The score isn’t just academic. It directly influences treatment decisions and helps predict outcomes. It’s also repeated over time to track whether a patient is improving or worsening, which can trigger changes in the treatment plan.
Tests After the Emergency: Finding the Cause
Once the immediate crisis is managed, a second round of testing looks for the underlying cause to prevent another stroke. The standard workup includes several components.
Carotid ultrasound (also called duplex sonography) examines the arteries in the neck for narrowing or plaque buildup. This is one of the most common identifiable causes of ischemic stroke, and finding significant blockage can lead to a procedure to open or bypass the artery.

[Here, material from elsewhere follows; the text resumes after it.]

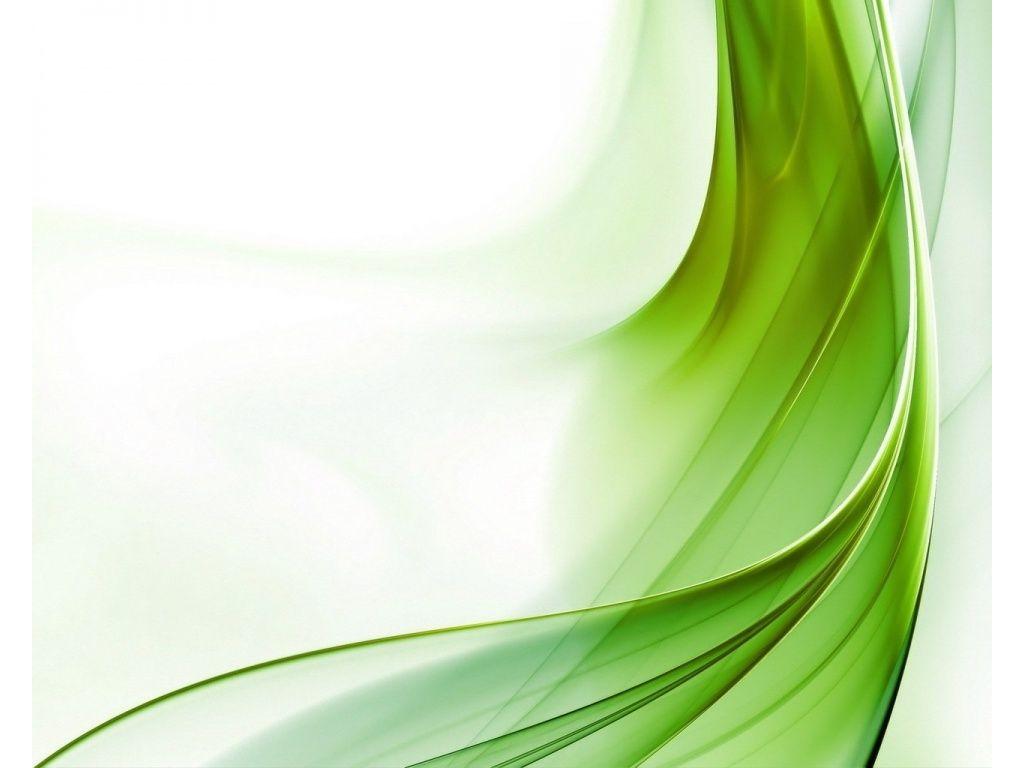 1024x768 Green Lines Wallpaper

Echocardiography checks the heart for conditions that could send clots to the brain. A standard transthoracic echocardiogram (an ultrasound probe on the chest) can detect blood clots in the heart chambers, valve disease, and structural abnormalities. A transesophageal echocardiogram, performed with a probe passed down the throat, gives a clearer view of the left atrium, the aortic arch, and the wall between the heart’s upper chambers. It’s better at finding a patent foramen ovale, a small hole between the heart’s chambers that can allow clots to cross into the brain’s circulation.

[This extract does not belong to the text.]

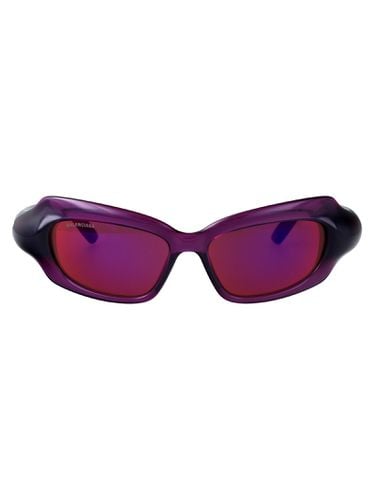 Bb0354s Sunglasses - Balenciaga Eyewear - Modalova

Heart rhythm monitoring lasts at least 24 hours and often longer. Atrial fibrillation, an irregular heart rhythm, is a major stroke risk factor that can be intermittent and easy to miss on a single ECG. Extended monitoring with a portable device catches episodes that a brief recording in the emergency department would not.
These post-stroke tests shape long-term prevention. A patient whose stroke was caused by atrial fibrillation, for example, will typically start long-term blood-thinning medication, while someone with severe carotid narrowing may need a surgical or catheter-based procedure to open the artery.